However, sometimes it is clear that defamatory terms were used in anger. During one argument John Syke called Patrick Cunneghty a ‘rogue and a thief who deserved to be hanged’, and he called Cunneghty's wife a ‘whore’.Footnote 151 Yet two months later the case was settled out of court. Armagh's consistory court regularly adjourned defamation cases to give the litigants time to calm down and settle their differences amicably. When Margaret Netervele called Margaret Duff the ‘whore of a priest’ the latter retorted by calling Netervele a ‘common whore to priests, friars and to all other men besides’.Footnote 152 The two women subsequently settled their suits out of court. Margaria Tyrell accused Isabella Ugan of defaming her as the whore of Dominus Radulphi Brainok, a chaplain of St Mary's, Drogheda.Footnote 153 However, in court it was reported that Tyrell had earlier called Ugan a ‘common whore’ and even a ‘Spanish whore’. Evidently the term ‘whore’ was bandied about all too readily at the time, especially in heated confrontations.

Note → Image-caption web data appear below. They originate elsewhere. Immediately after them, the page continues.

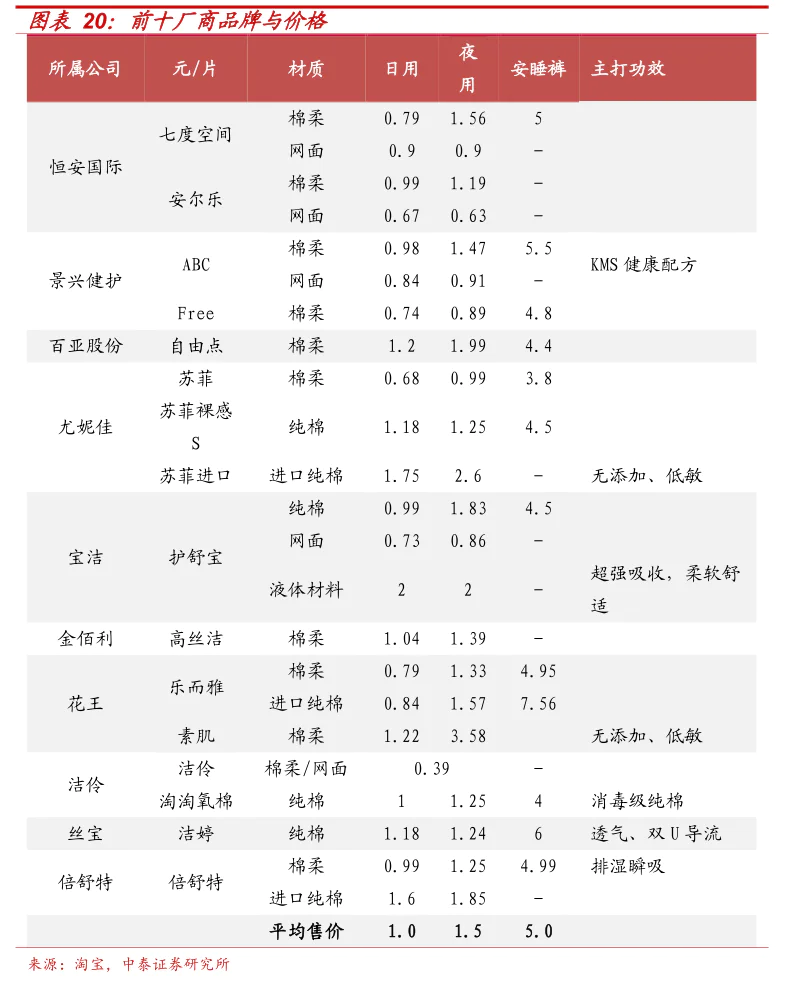 中国卫生巾巨头翻车不耽误挣钱(图5)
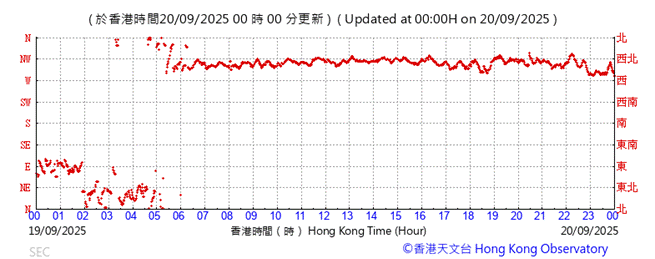 A graph showing the time of the year

AI-generated content may be incorrect.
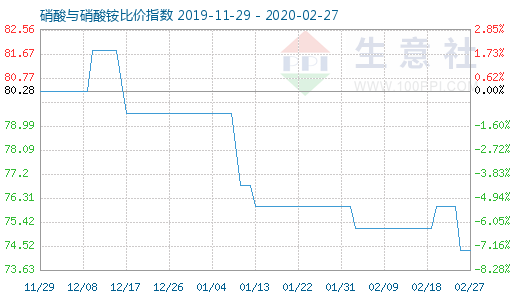 2月27日硝酸与硝酸铵比价指数图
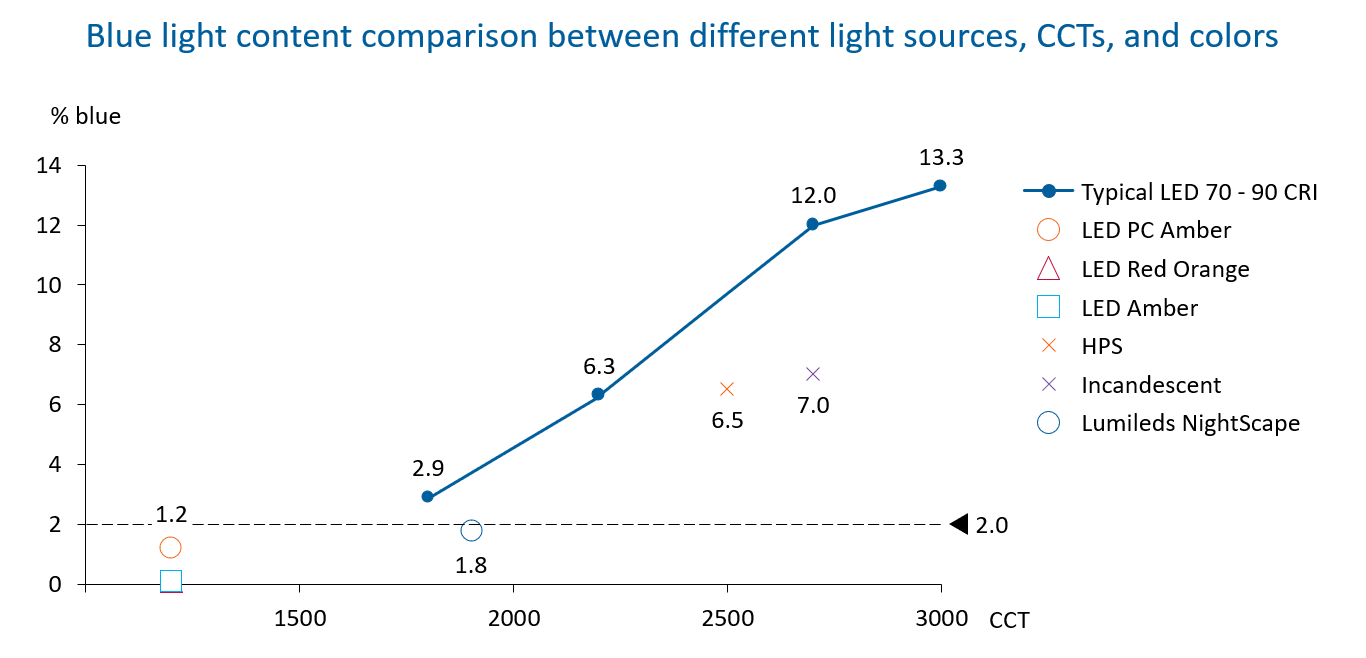 Lumileds NightScape Technology Lowers Blue Light Below 2% to Support Our Natural Ecosystem and Dark Sky Initiatives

It seems to have been more commonly resorted to by women of English descent in urban areas.

In all there are records of six suits in the Armagh act book that were initiated by women who were allegedly defamed by being called whores, and three others by women who claimed to have been defamed by allegations that they had illicit sexual relations.Footnote 154 It was normally women who called other women whores.Footnote 155 One woman claimed to have been defamed by being called a ‘witch’, again by another woman.Footnote 156 Men were more likely to have their honesty impugned.Footnote 157 Only one man claimed to have been defamed by a sexual slur, in that instance by a husband and wife who said that he had had carnal knowledge of the man's wife.Footnote 158 One man was accused by a woman of defaming her by saying that her husband would still have been alive if she had not denied him wine and aqua vitae.Footnote 159 He counter-sued by accusing her of calling him a ‘false peasant’.Footnote 160 The court was not impressed by either of the latter suits and found both parties equally liable for the expenses.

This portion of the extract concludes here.